_Exercise data_.
- - - - - - -
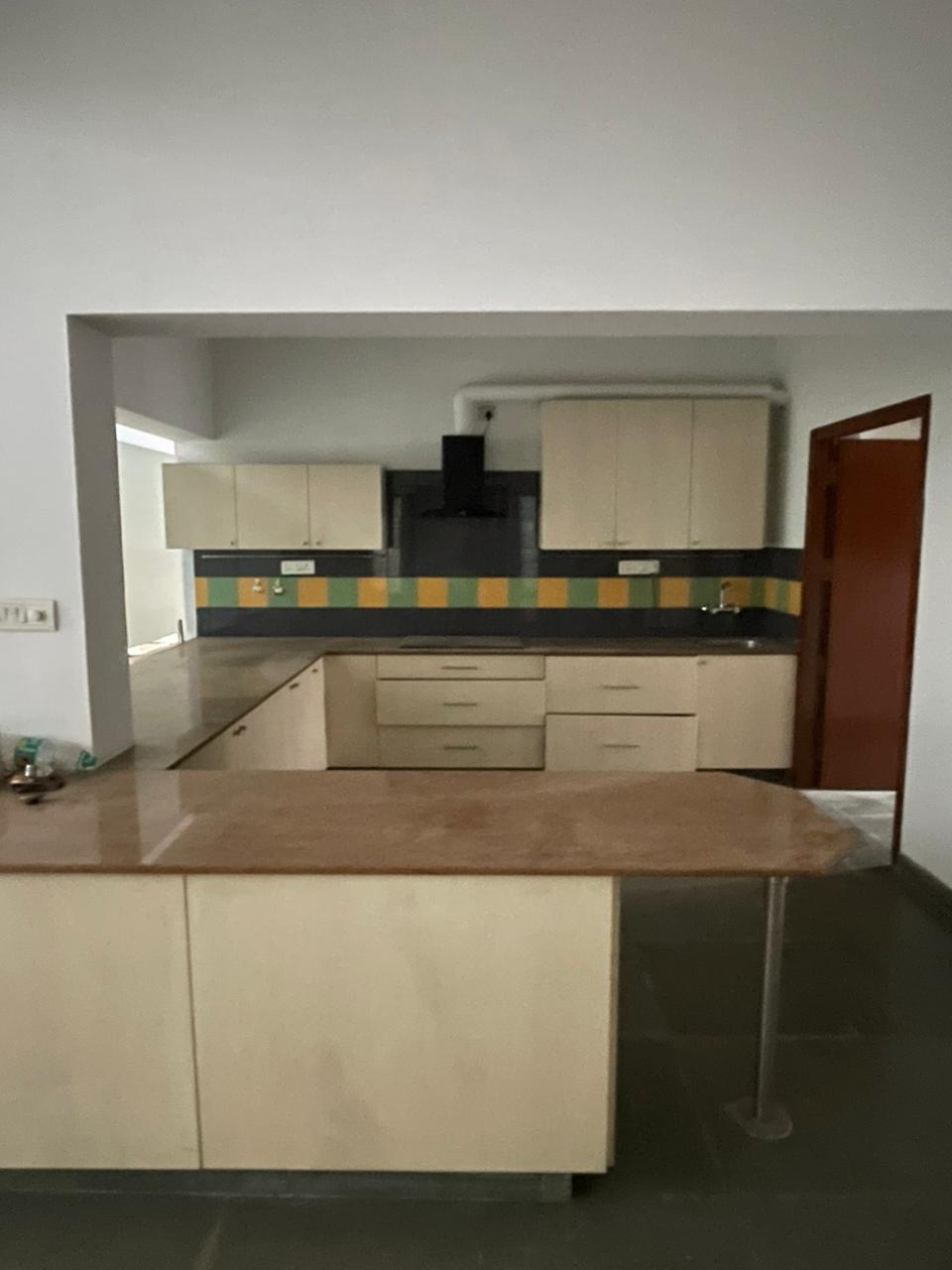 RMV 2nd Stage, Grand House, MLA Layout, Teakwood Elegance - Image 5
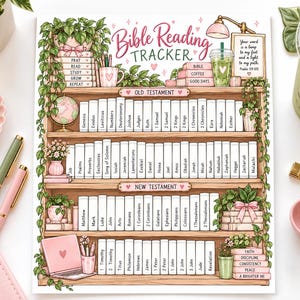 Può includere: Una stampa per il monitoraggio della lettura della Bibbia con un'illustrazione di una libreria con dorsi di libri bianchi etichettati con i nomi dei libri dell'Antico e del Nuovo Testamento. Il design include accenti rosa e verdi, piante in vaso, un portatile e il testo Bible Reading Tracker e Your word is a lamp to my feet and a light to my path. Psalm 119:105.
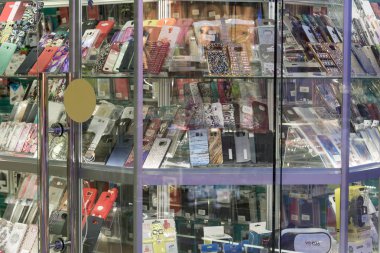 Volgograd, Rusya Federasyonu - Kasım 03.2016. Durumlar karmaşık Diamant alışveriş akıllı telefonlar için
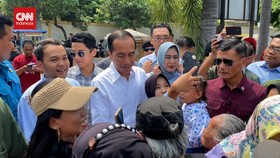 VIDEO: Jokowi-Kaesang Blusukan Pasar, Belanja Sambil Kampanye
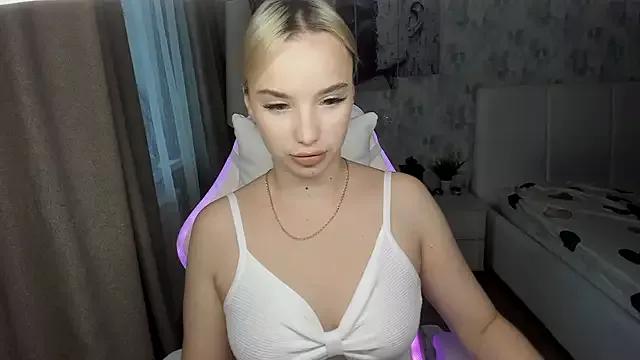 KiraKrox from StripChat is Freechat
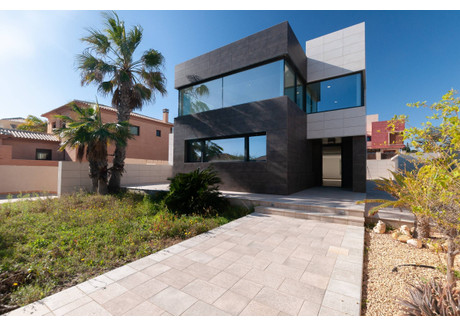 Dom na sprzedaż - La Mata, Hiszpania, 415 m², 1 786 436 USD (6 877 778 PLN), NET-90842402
- - - - - - -
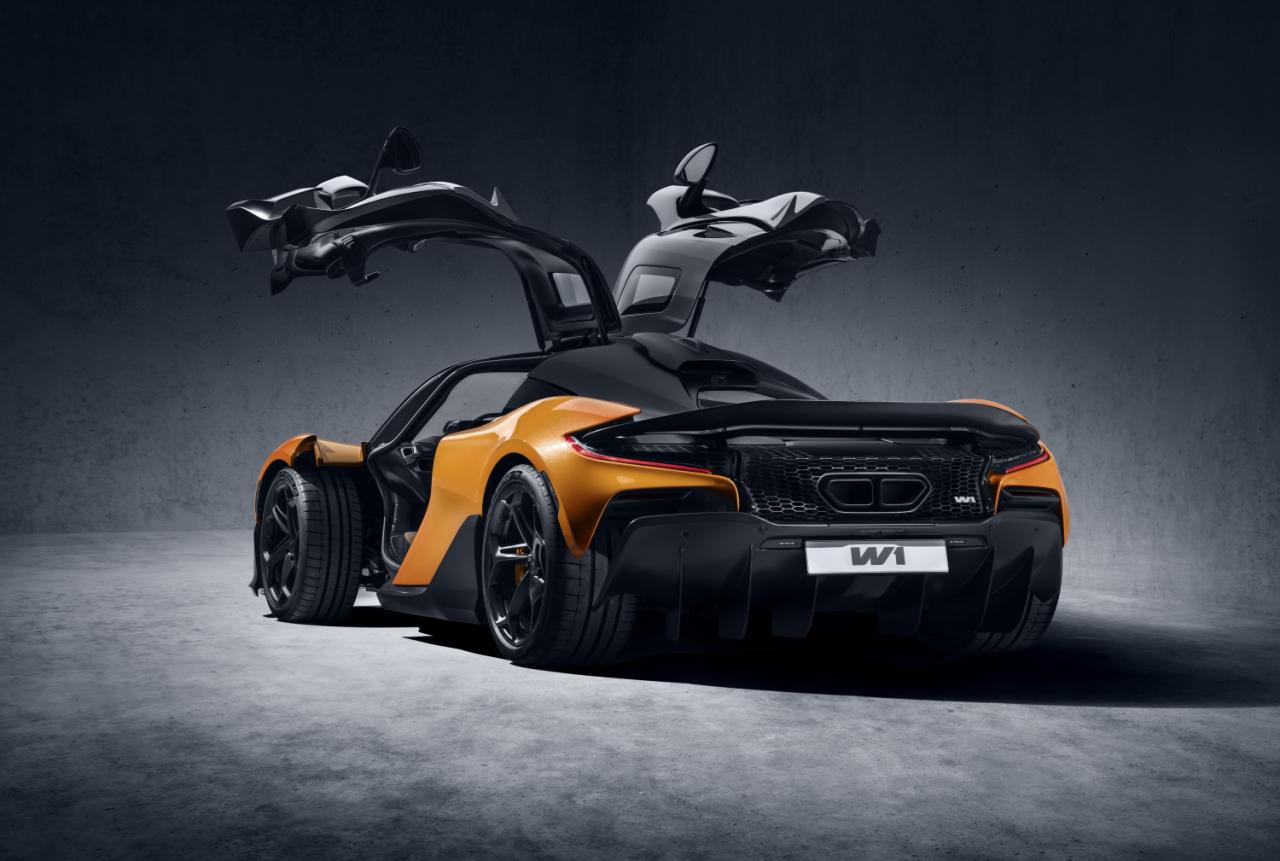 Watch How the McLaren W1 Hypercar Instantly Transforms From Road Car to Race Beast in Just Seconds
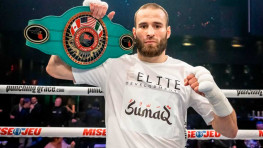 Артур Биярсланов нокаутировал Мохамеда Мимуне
- - - - - - -
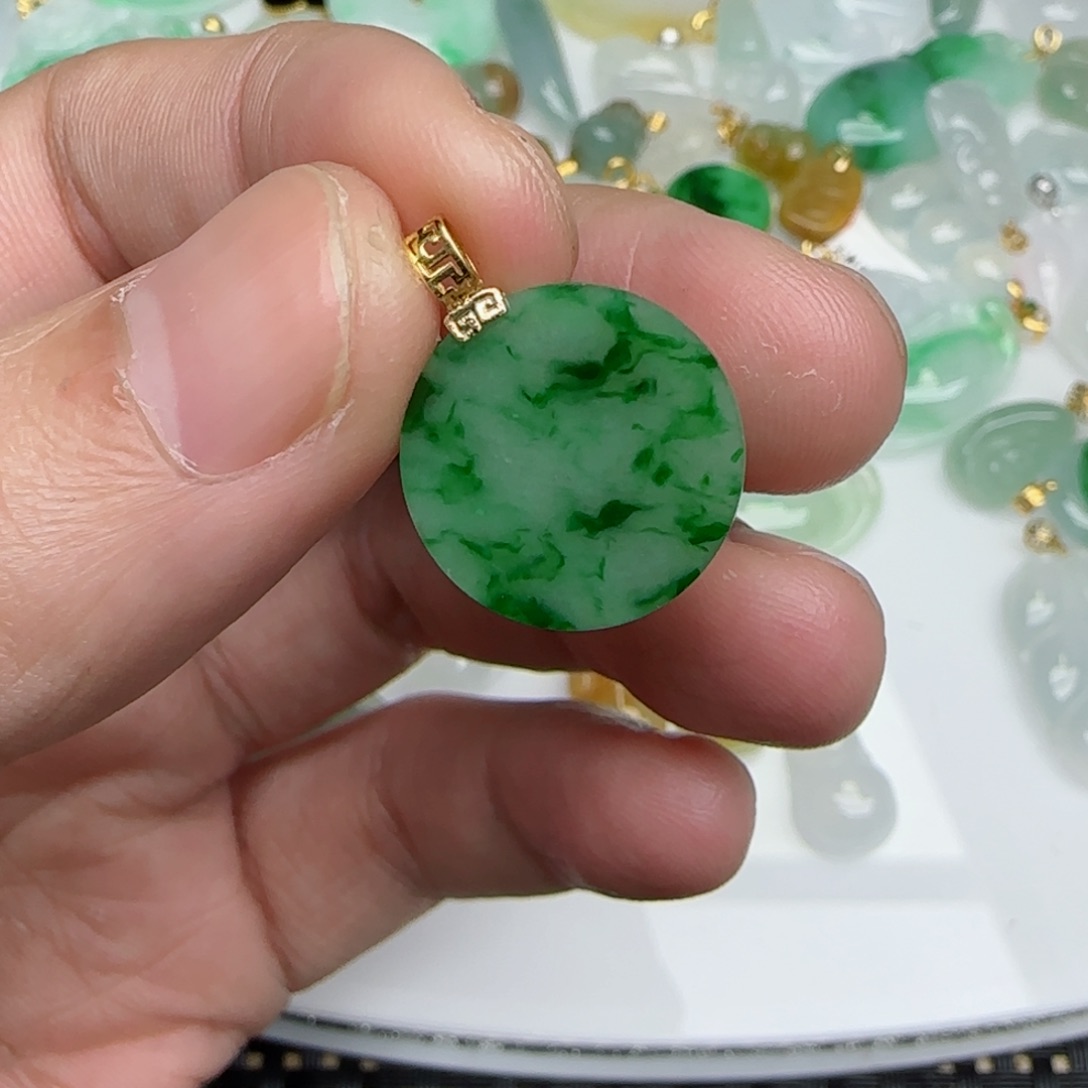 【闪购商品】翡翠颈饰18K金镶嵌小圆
- - - - - - -
_Required action_. Given the listing above, repeat exactly the lines starting at the one with "RMV 2nd Stage, Grand" and ending at the one with "Dom na sprzedaż", inclusive, excluding pictures.

_Task response_.
 RMV 2nd Stage, Grand House, MLA Layout, Teakwood Elegance - Image 5
 Può includere: Una stampa per il monitoraggio della lettura della Bibbia con un'illustrazione di una libreria con dorsi di libri bianchi etichettati con i nomi dei libri dell'Antico e del Nuovo Testamento. Il design include accenti rosa e verdi, piante in vaso, un portatile e il testo Bible Reading Tracker e Your word is a lamp to my feet and a light to my path. Psalm 119:105.
 Volgograd, Rusya Federasyonu - Kasım 03.2016. Durumlar karmaşık Diamant alışveriş akıllı telefonlar için
 VIDEO: Jokowi-Kaesang Blusukan Pasar, Belanja Sambil Kampanye
 KiraKrox from StripChat is Freechat
 Dom na sprzedaż - La Mata, Hiszpania, 415 m², 1 786 436 USD (6 877 778 PLN), NET-90842402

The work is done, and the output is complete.